2016-11-02 Thread Eric Biggers
Hi Herbert, just a few preliminary comments.  I haven't made it through
everything yet.

On Wed, Nov 02, 2016 at 07:19:02AM +0800, Herbert Xu wrote:
> +static int skcipher_walk_first(struct skcipher_walk *walk)
> +{
> + if (WARN_ON_ONCE(in_irq()))
> + return -EDEADLK;
> +
> + walk->nbytes = walk->total;
> + if (unlikely(!walk->total))
> + return 0;
> +
> + walk->buffer = NULL;
> + if (unlikely(((unsigned long)walk->iv & walk->alignmask))) {
> + int err = skcipher_copy_iv(walk);
> + if (err)
> + return err;
> + }
> +
> + walk->page = NULL;
> +
> + return skcipher_walk_next(walk);
> +}

I think the case where skcipher_copy_iv() fails may be handled incorrectly.
Wouldn't it need to set walk.nbytes to 0 so as to not confuse callers which
expect that behavior?  Or maybe it should be calling skcipher_walk_done().

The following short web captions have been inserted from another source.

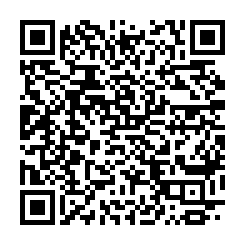 QR Code for bitcoin:bitcoin:bitcoin:bitcoin:bitcoin:bitcoin:bitcoin:3DdPBkEa1sY7e1KyEiyKdE628YLKGGhPxQ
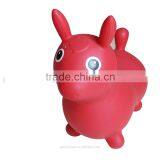 Good Flexibility Inflatable Toy Animal,animal Toy thumbnail-2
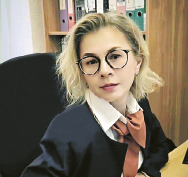 Приключения Пандоры Приключения Пандоры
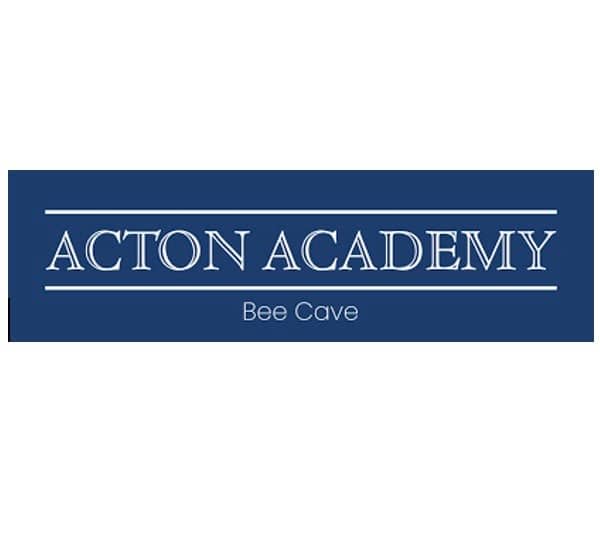 Acton Academy Bee Caves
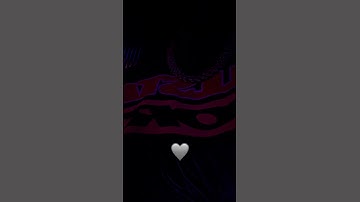 DC The Don - Untitled 2024 Snippet #2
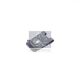 DT Spare Parts Sicherungsclip 4.68472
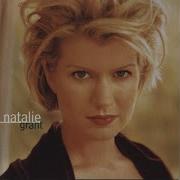 Heavenly Natalie Grant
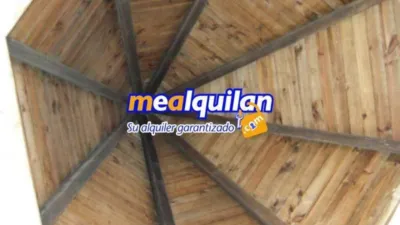House in Murcia Capital photo 17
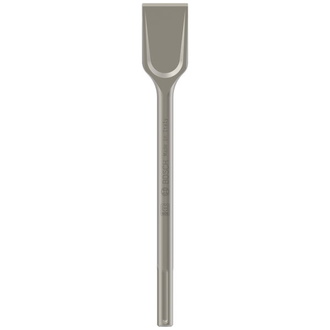 Bosch PRO SDS max-5C Spatmeißel, 50 x 350 mm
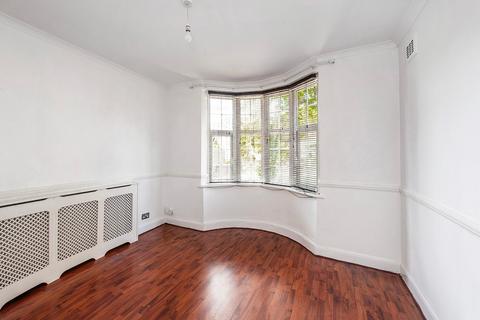 1 bedroom maisonette for sale, Sidcup Hill, Sidcup, DA14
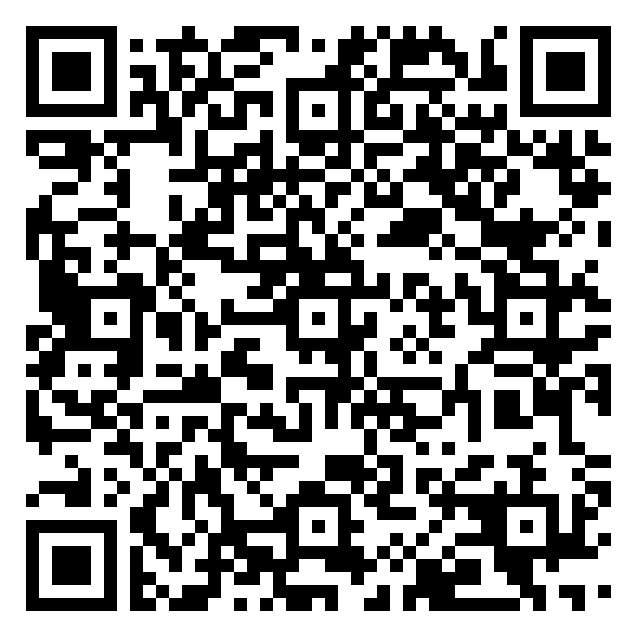 kod QR z danymi kontaktowymi 38743774800000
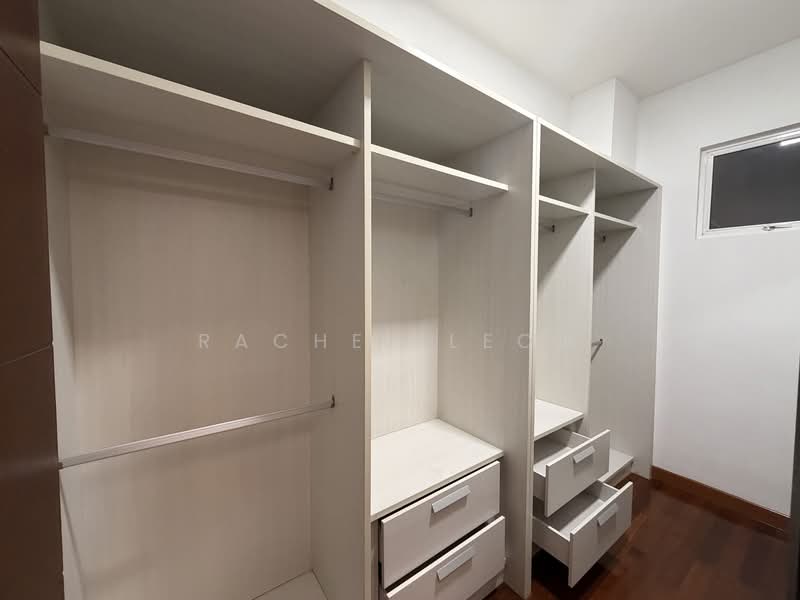 Condominium for Sale at 9 Bukit Utama Condominium - Rachel Leow - PropertyGuru.com.my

> +static int skcipher_walk_skcipher(struct skcipher_walk *walk,
> +   struct skcipher_request *req)
> +{
> + struct crypto_skcipher *tfm = crypto_skcipher_reqtfm(req);
> +
> + scatterwalk_start(>in, req->src);
> + scatterwalk_start(>out, req->dst);
> +
> + walk->in.sg = req->src;
> + walk->out.sg = req->dst;

Setting walk->in.sg and walk->out.sg is redundant with the scatterwalk_start()
calls.

> +int skcipher_walk_virt(struct skcipher_walk *walk,
> +struct skcipher_request *req, bool atomic)
> +{
> + int err;
> +
> + walk->flags &= ~SKCIPHER_WALK_PHYS;
> +
> + err = skcipher_walk_skcipher(walk, req);
> +
> + walk->flags &= atomic ? ~SKCIPHER_WALK_SLEEP : ~0;
> +
> + return err;
> +}

This gets called with uninitialized 'walk.flags'.  This was somewhat of a
theoretical problem with the old blkcipher_walk code but it looks like now it
will interact badly with the new SKCIPHER_WALK_SLEEP flag.  As far as I can see,
whether the flag will end up set or not can depend on the uninitialized value.
It would be nice if this problem could be avoided entirely be setting flags=0.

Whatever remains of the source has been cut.